ASSIGNMENT: Would you print the records below word for word, without the pictures?

------ THE DATA

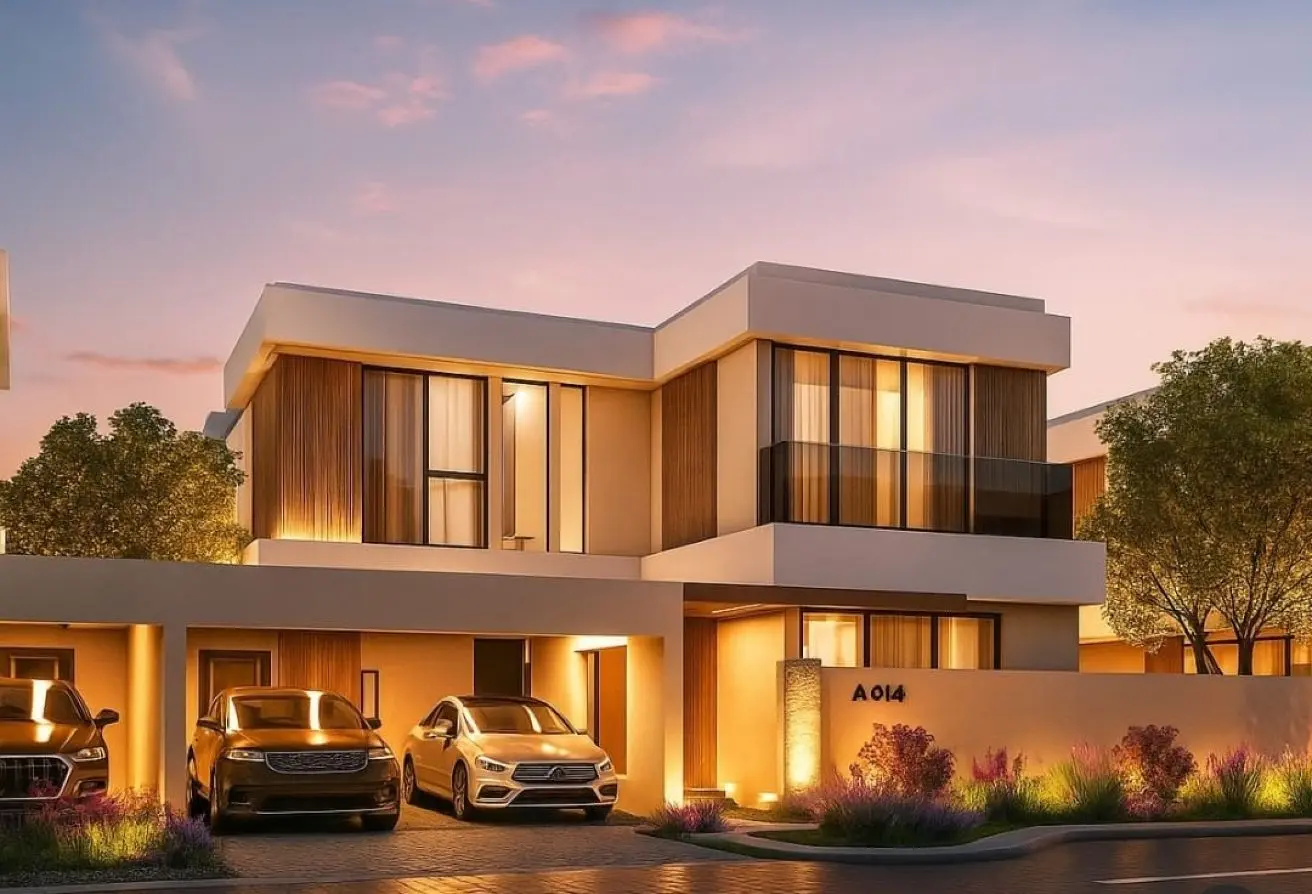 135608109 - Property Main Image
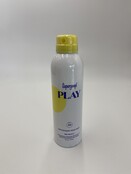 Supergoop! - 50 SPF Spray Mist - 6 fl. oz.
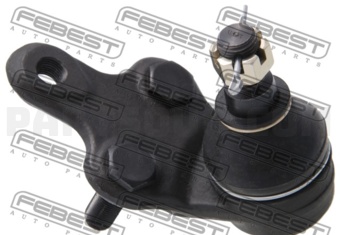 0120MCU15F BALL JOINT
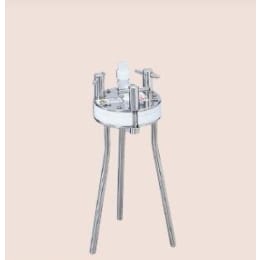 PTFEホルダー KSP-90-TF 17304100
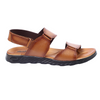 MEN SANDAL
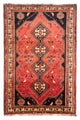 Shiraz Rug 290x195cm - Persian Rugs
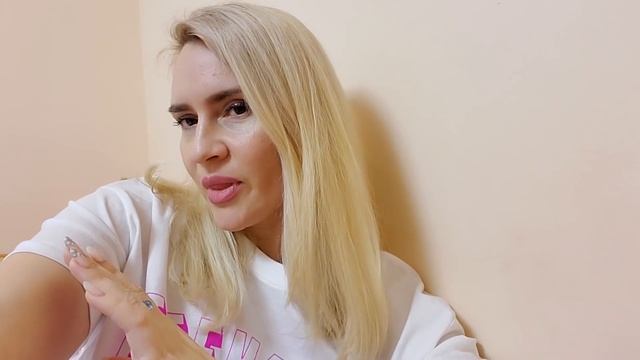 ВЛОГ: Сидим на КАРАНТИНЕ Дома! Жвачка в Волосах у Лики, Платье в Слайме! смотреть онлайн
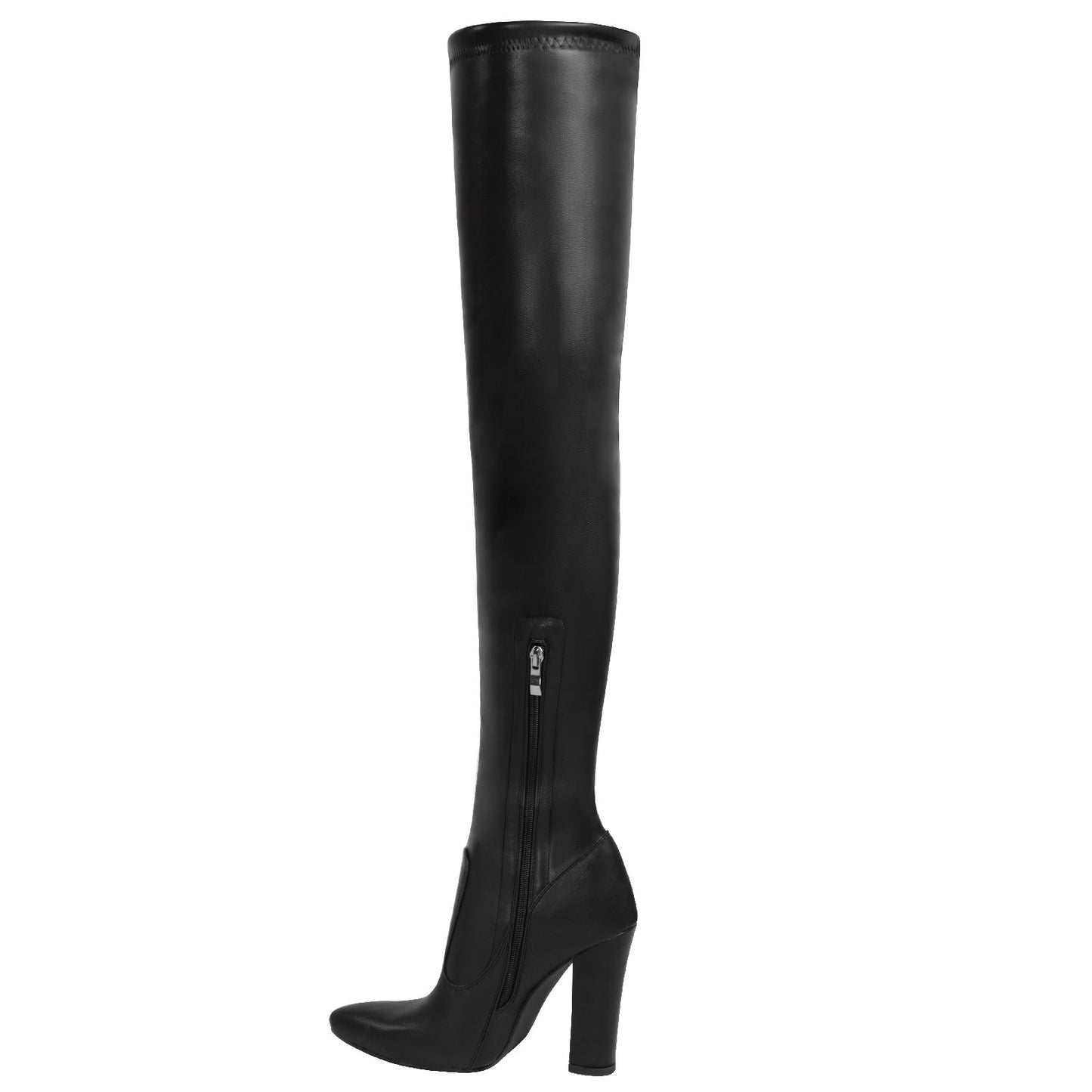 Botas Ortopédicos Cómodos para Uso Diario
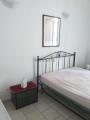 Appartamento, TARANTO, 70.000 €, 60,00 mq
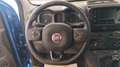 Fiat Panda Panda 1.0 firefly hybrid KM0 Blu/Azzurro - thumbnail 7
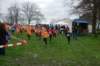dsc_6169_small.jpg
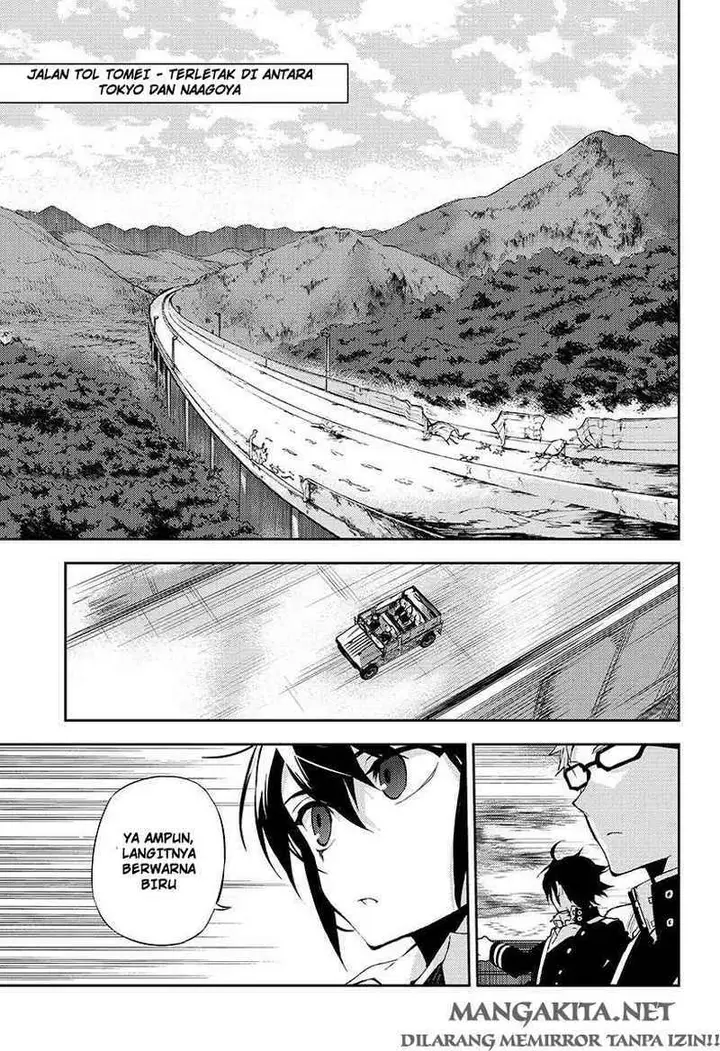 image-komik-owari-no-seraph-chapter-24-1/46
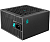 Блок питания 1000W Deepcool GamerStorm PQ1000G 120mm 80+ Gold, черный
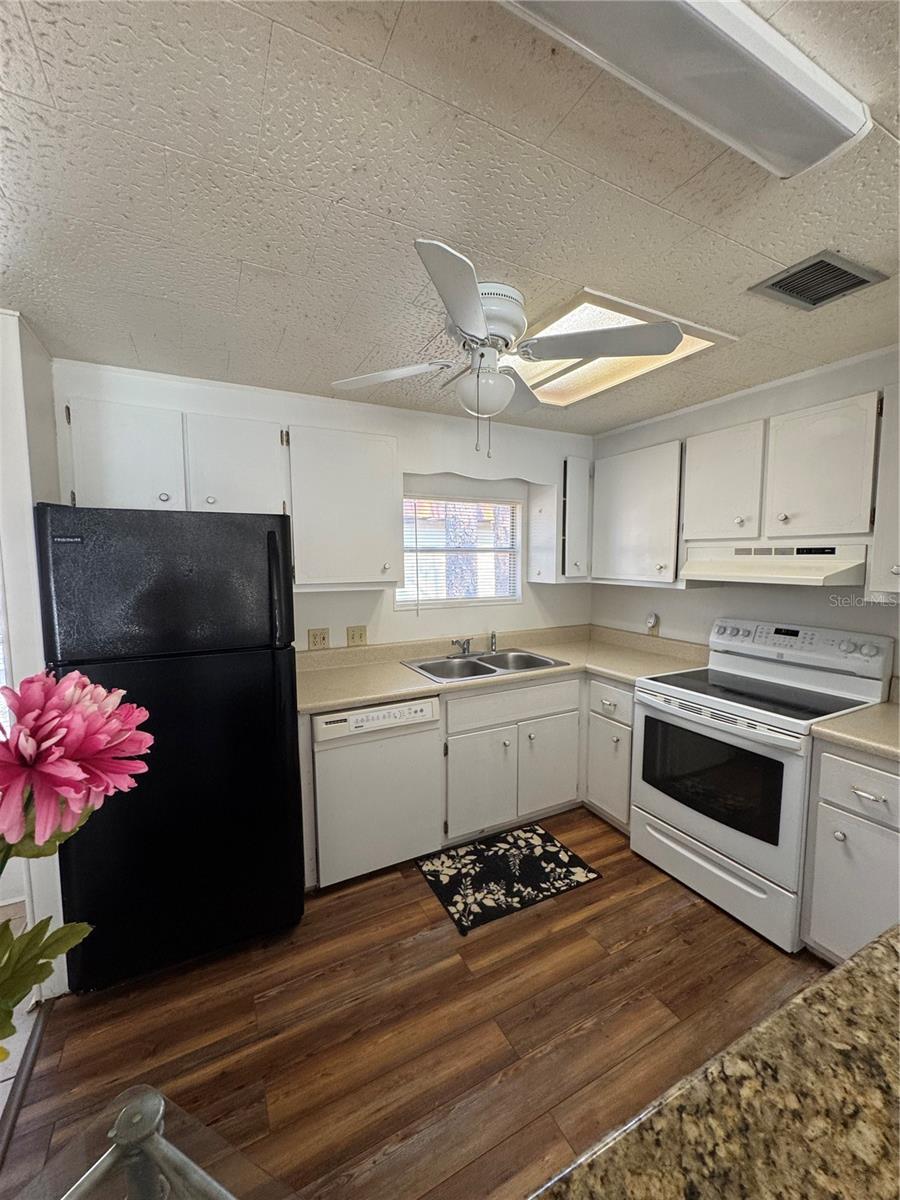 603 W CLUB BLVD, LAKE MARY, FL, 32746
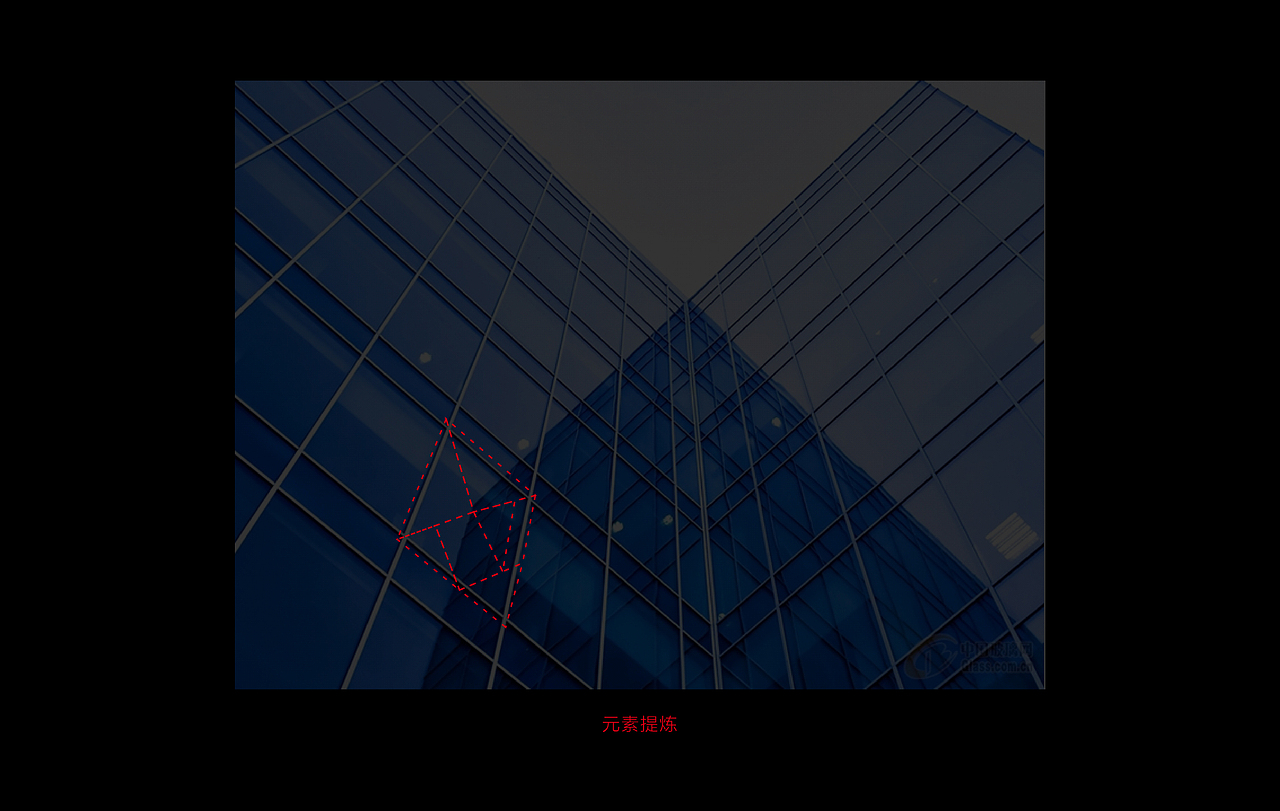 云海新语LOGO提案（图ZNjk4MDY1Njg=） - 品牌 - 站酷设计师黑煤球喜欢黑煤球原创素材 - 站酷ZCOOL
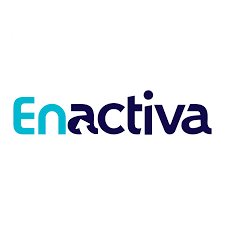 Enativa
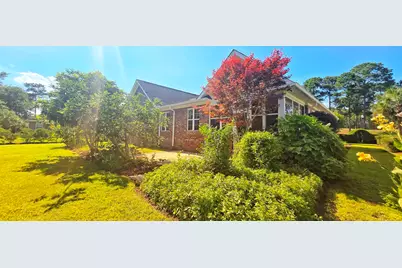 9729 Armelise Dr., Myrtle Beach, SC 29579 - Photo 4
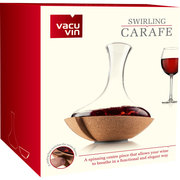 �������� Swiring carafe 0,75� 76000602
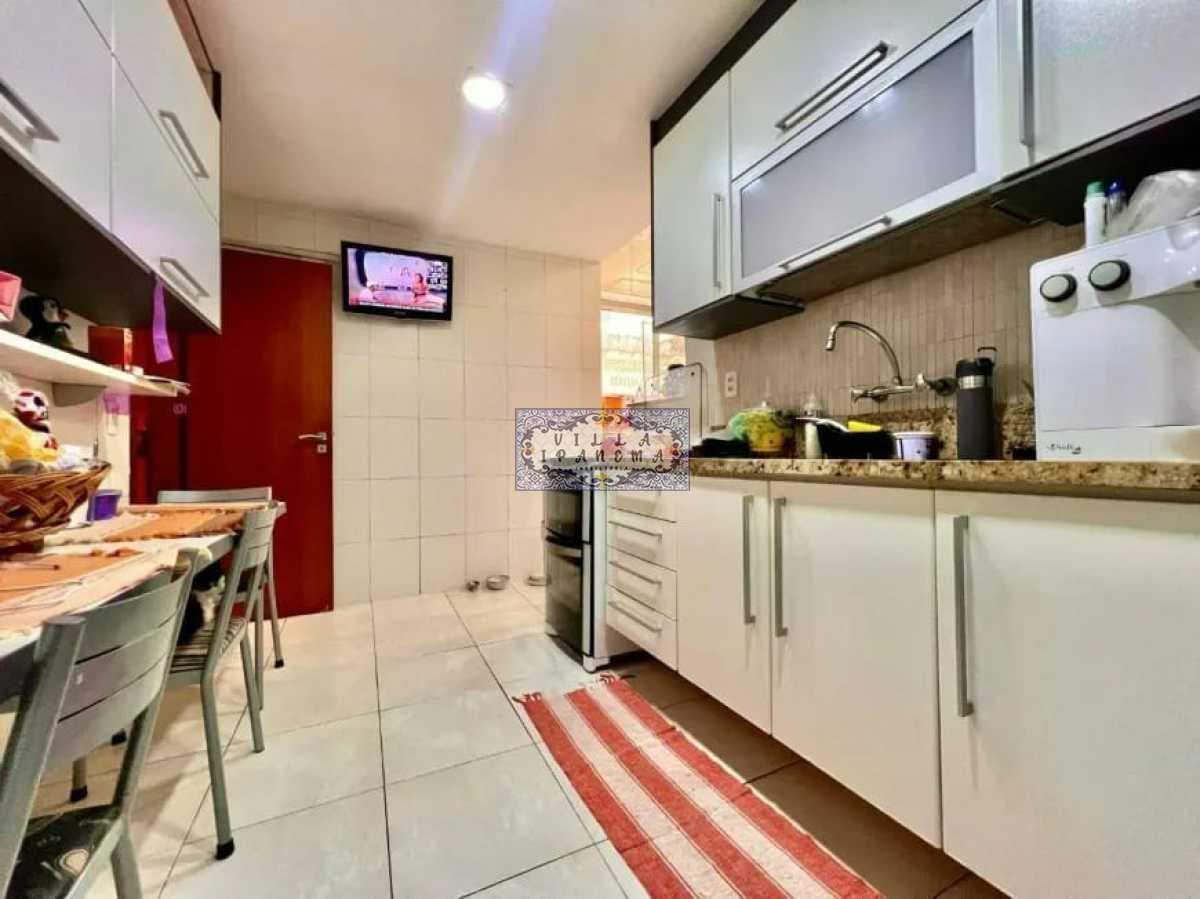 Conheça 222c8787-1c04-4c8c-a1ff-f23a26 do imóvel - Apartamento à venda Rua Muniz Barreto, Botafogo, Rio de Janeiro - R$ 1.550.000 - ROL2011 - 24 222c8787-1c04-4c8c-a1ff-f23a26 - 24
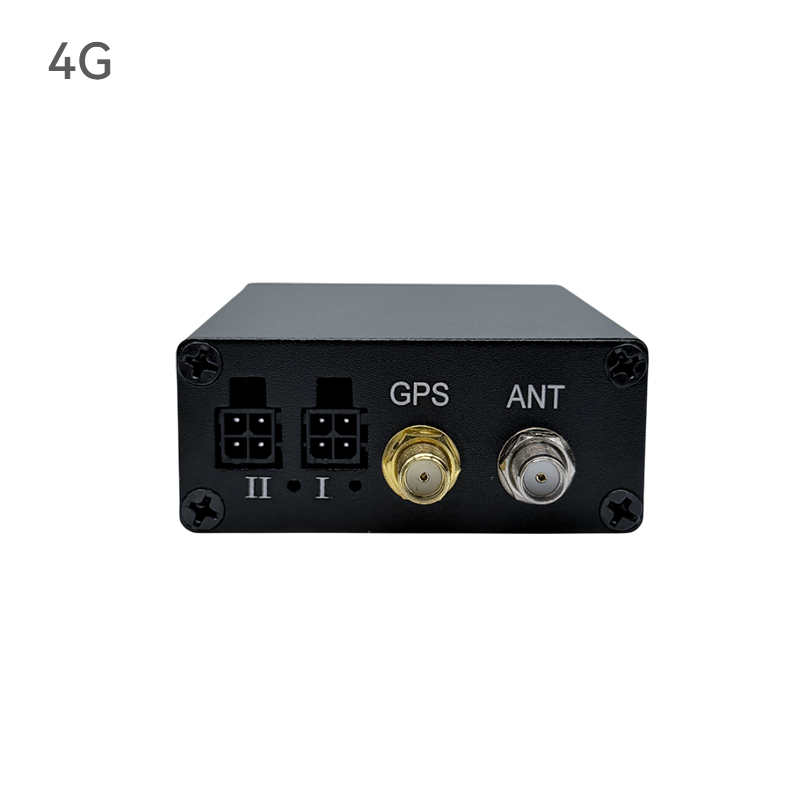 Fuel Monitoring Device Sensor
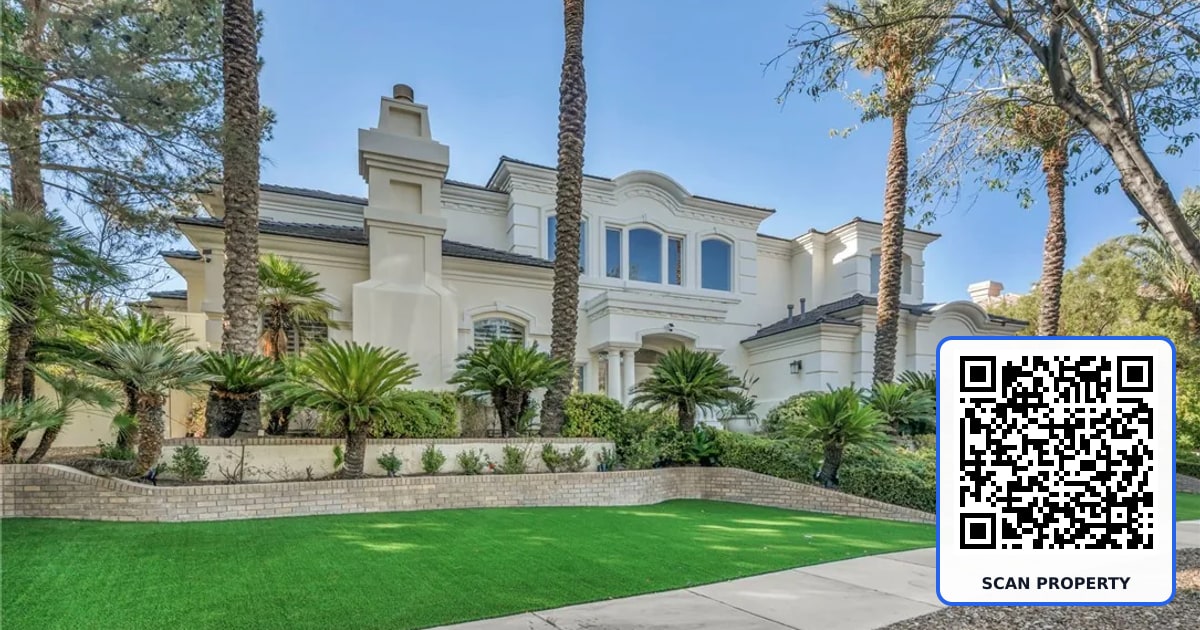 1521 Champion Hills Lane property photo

------------

TASK RESPONSE:
 135608109 - Property Main Image
 Supergoop! - 50 SPF Spray Mist - 6 fl. oz.
 0120MCU15F BALL JOINT
 PTFEホルダー KSP-90-TF 17304100
 MEN SANDAL
 Shiraz Rug 290x195cm - Persian Rugs
 ВЛОГ: Сидим на КАРАНТИНЕ Дома! Жвачка в Волосах у Лики, Платье в Слайме! смотреть онлайн
 Botas Ortopédicos Cómodos para Uso Diario
 Appartamento, TARANTO, 70.000 €, 60,00 mq
 Fiat Panda Panda 1.0 firefly hybrid KM0 Blu/Azzurro - thumbnail 7
dsc_6169_small.jpg
 image-komik-owari-no-seraph-chapter-24-1/46
 Блок питания 1000W Deepcool GamerStorm PQ1000G 120mm 80+ Gold, черный
 603 W CLUB BLVD, LAKE MARY, FL, 32746
 云海新语LOGO提案（图ZNjk4MDY1Njg=） - 品牌 - 站酷设计师黑煤球喜欢黑煤球原创素材 - 站酷ZCOOL
 Enativa
 9729 Armelise Dr., Myrtle Beach, SC 29579 - Photo 4
 �������� Swiring carafe 0,75� 76000602
 Conheça 222c8787-1c04-4c8c-a1ff-f23a26 do imóvel - Apartamento à venda Rua Muniz Barreto, Botafogo, Rio de Janeiro - R$ 1.550.000 - ROL2011 - 24 222c8787-1c04-4c8c-a1ff-f23a26 - 24
 Fuel Monitoring Device Sensor
 1521 Champion Hills Lane property photo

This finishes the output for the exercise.